### What is required
Would you filter the listing below so that only lines with the word "Samuel" remain?

### Provided data
- Opening Delimiter -
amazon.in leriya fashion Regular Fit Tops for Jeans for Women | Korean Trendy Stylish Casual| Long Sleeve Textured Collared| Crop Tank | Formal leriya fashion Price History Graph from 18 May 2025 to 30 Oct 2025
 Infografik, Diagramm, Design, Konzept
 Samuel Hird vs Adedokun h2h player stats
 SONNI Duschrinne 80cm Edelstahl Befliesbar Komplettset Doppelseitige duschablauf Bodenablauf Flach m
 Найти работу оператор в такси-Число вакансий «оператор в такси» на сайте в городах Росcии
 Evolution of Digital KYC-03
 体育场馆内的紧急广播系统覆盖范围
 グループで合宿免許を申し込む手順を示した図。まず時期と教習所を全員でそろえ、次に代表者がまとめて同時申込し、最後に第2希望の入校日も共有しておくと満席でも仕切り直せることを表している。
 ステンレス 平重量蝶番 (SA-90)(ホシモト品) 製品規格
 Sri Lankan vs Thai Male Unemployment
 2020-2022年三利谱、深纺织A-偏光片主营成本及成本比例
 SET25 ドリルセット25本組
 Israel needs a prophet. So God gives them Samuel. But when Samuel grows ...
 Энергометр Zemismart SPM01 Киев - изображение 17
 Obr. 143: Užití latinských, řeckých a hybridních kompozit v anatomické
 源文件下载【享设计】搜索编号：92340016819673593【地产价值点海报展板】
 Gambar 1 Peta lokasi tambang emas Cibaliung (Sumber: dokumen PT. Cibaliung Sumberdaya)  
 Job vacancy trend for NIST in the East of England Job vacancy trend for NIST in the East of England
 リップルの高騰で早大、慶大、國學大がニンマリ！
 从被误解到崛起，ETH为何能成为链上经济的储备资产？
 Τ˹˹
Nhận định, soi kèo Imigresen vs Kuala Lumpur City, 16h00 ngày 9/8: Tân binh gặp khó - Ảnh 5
- Closing Delimiter -
### Answer to the exercise
 Samuel Hird vs Adedokun h2h player stats
 Israel needs a prophet. So God gives them Samuel. But when Samuel grows ...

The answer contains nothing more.